Katie Garibaldi performs with her Luna Trinity Guitar

...don't be lazy... being an indie artist you've got to take the bull by the horns and do it! -KG

Marketing is key and you seem adept at getting your name out.  What advice would you give other artists for marketing themselves?

My advice is basically: don't be lazy!  Don't wait for someone else to do the work for you.  If you're promoting a show or your album, make a checklist of mediums you can use to get the word out and just do it.  People like visuals so it's always good to have a flyer for a show or your new album.  Designate time to spend on the computer sending out blogs, press releases, and booking appearances, but also make time to get out and actually walk around at different events or places where you think people might be interested in your music/show.  Shake hands with people and tell them about yourself and hand them a flyer.  You never know what connections you might make.  Also, be sure your website and bio are ever changing, updating constantly.  Outdated information makes it look like you're not active.  Another good idea is to come up with perks for merchandise at your shows--items or deals that people can't get anywhere else (ie. Buy a CD, get another CD or t-shirt for half off).  Marketing is a lot of fun to me because that was part of what I studied in college.  I knew it was a huge side of the music business, and being an indie artist you've got to take the bull by the horns and do it! 

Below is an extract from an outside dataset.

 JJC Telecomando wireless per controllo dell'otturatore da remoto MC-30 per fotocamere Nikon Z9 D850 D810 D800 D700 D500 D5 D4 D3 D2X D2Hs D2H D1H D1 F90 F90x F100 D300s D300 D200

How do you handle negotiating payment for gigs?

I wish there was a concrete formula for this, but unfortunately there's not.  Usually venues already have their own set method of compensation and you have to decide if their terms are suitable for you.  If a venue leaves it to you and asks, "how much do you charge?" then it's in your hands, which can be a good thing but sometimes a little tricky.  I generally take three things into consideration: (1) The type of venue.  I would ask more from a club than a little cafe.  (2) The location.  If I'm touring out of town, I have to think about my gas money to get to this gig.  (3) If I'm playing solo or with a band.  When playing with a band, I hire my backup musicians so usually I'll ask for more if it's the full band.  It's a difficult and delicate process sometimes.  You don't want to say too high of a number because you don't want to lose the gig, but you also don't want to say too low of a number, which might devalue yourself.  If it's a venue you really want to get into regardless of the pay, go for it.  If it's something that expects a lot from you but doesn't pay anything in return, you probably want to pass.  Negotiating might occur.  If they offer too low a cost but you still want to do it, ask for a free meal to make up for the minimal pay.  Just keep in mind that it's a business and always remember to be polite and professional.

Is there anything else you can think of that may be helpful to other working artists?

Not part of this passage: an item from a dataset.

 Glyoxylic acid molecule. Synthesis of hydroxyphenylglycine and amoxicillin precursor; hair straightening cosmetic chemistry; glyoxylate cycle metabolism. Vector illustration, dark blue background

Something important that I have learned is to never be afraid of taking control of your own destiny.  If someone or something is holding you back from doing what you want with your career, find a way to move around them (and make sure you're not standing in the way of your own success too!)  I've been in situations where I put too much faith in others and just ended up feeling like my whole career was slipping out of my hands.  No one is going to care about your career more than you do, so don't wait around too much for others to respond.  Be a leader and diminish as much stress as possible.  Also, it's easy to get stuck in safe mode, but safe might not mean best.  Face fear head-on and learn to take chances.  That's how you move forward.